I'd be interested if this gets going.


----------



## stolicky (Nov 4, 2010)

I have a feeling that if someone volunteers to do one of these that there might be a huge response.  It has been so long, that I can only imagine the number of people itching to participate.  My prediction is that there would almost have a limit, just to retain the organizer's sanity.

I, too, have been watching for one.  There is just no way that I could take on that role these days.

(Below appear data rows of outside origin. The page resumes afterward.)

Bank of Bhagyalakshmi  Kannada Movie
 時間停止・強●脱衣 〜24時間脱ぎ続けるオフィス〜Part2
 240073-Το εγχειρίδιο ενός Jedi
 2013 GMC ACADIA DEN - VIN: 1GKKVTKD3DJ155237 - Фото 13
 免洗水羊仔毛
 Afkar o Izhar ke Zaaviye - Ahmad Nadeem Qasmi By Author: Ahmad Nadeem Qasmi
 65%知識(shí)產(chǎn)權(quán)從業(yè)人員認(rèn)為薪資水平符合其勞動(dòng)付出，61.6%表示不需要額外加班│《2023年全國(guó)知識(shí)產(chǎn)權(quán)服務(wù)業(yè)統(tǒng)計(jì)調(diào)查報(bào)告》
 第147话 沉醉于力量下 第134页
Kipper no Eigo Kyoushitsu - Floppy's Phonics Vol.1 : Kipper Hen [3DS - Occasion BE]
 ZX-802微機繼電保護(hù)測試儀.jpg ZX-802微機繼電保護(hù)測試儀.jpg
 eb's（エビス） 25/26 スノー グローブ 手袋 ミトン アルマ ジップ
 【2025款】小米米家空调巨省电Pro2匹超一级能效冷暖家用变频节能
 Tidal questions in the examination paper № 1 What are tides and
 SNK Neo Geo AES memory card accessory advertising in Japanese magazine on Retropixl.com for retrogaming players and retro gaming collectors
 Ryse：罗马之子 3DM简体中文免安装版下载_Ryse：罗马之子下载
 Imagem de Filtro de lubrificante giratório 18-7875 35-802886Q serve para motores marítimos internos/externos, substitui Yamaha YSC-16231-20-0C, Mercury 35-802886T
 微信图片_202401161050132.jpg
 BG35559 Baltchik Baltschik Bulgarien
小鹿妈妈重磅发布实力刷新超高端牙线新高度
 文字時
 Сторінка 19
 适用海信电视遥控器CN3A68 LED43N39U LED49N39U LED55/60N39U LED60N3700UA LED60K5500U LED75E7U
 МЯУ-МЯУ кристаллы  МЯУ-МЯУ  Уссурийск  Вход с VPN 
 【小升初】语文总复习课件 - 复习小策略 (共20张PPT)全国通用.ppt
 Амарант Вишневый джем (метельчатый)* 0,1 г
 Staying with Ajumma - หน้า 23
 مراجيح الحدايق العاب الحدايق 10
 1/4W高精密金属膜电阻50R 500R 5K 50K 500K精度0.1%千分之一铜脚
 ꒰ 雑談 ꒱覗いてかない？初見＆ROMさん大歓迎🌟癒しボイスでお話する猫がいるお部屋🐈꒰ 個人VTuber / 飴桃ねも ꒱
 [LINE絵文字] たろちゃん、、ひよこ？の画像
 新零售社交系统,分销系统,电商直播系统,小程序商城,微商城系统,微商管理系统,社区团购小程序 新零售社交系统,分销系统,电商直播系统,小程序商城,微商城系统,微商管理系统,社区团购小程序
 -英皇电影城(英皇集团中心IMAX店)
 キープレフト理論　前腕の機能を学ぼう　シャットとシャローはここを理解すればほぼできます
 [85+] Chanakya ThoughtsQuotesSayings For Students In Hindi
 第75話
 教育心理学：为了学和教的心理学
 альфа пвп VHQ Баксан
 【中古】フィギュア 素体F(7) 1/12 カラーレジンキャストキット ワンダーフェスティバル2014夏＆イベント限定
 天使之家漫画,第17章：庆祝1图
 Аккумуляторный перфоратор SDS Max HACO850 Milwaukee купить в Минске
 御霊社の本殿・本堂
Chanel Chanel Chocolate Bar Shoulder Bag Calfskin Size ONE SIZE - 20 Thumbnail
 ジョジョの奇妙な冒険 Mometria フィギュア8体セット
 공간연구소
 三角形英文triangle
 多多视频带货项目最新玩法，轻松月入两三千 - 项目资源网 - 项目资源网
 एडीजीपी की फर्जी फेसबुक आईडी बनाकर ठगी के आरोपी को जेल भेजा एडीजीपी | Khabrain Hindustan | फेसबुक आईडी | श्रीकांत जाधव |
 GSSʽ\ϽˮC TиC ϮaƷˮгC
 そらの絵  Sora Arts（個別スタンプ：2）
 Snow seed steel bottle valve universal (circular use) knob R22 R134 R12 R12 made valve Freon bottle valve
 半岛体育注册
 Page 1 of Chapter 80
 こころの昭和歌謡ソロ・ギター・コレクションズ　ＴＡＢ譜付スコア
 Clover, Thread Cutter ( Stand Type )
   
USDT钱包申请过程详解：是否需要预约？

One thing that concerns me, and this is solely based on comments here on IAP, is the recent quality of the Jr. line's threads.  I'm not sure if it was the Apprentice or Artisan lines though?


----------



## tbroye (Nov 4, 2010)

Going to the Woodworking show tomorrow will probably pick some up at the CSUSA booth. but would also join a group buy.  That is still a inexpensive way to go no sales tax and shipping is better.  Tomorrow $10 parking, $8 admission + sales tax on any thing I buy, besides lunch.  Expensive way to get discounted kits.


----------



## Jim Smith (Nov 5, 2010)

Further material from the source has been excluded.